Version 1 (modified by constantin.rosoiu, 14 years ago) (diff)
  • added architecture



In a work-stealing scheduling policy, each of the worker threads involved maintains a pool of ready tasks to be executed, and executes tasks by removing them from this pool. The process of creating tasks is dynamic, each tasks that gets created is being added to the pool of the creating worker. While trying to get a task from it's own pool the worker discovers the pool is empty, it will pick another worker (the victim) and it will remove a task from it's associated pool, essentially stealing a task (thus becoming a thief). This type of scheduling is very efficient because the idle worker threads (i.e. the threads that do no useful work) do the load balancing.



The allocator is based on the buddy allocation scheme. The heap is divided into buckets, each bucket containing chunks of the same size. The buckets are initially empty and chunks are added to the buckets whenever memory is released, in order to reuse it. When a caller asks for a memory block of size sz, the allocator will round the requested size to the nearest power of two greater than the size. This is done to minimize the number of buckets needed. It will then look in the corresponding bucket to see if there are recycled chunks of memory of the requested size available to be reused. If so, the allocator will remove a chunk from the corresponding bucket and it will return it to the client. If there are no more chunks available, the allocator will use the heap to retrieve a chunk from it.


The workqueue is based on the recent work of Chase and Lev Dynamic Circular WorkStealing Deque that was "ported" to a non-garbage-collected, non-memory-modeled, plain-old C.
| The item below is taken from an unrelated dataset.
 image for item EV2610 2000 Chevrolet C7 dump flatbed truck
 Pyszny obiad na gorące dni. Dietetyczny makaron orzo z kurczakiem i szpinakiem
The workqueue has a contiguous space to hold available tasks, so it has a bottom and a top. Three operations can be executed on it:

  • push() which adds a task into the workqueue at the top,
  • pop() which removes a task from the top of the workqueue and
  • steal() which removes a task from the bottom of the workqueue.

Not all operations are available to every thread. The push() and pop() methods can be called only by the owner thread, so only the owner has access to the top of the workqueue. The steal() operation can only be executed by other threads apart the owner thread, so only other threads work with the bottom of the workqueue.


There is a distinction between the logical and the physical indices: the logical indices are stored in the top and bottom variables and the physical ones are calculated by applying the modulus operator versus the arrays size. The size of the array itself is kept in the cyclic array object. Local push() and pop() operations are performed by changing the value of bottom, while stealing is done by incrementing top by one.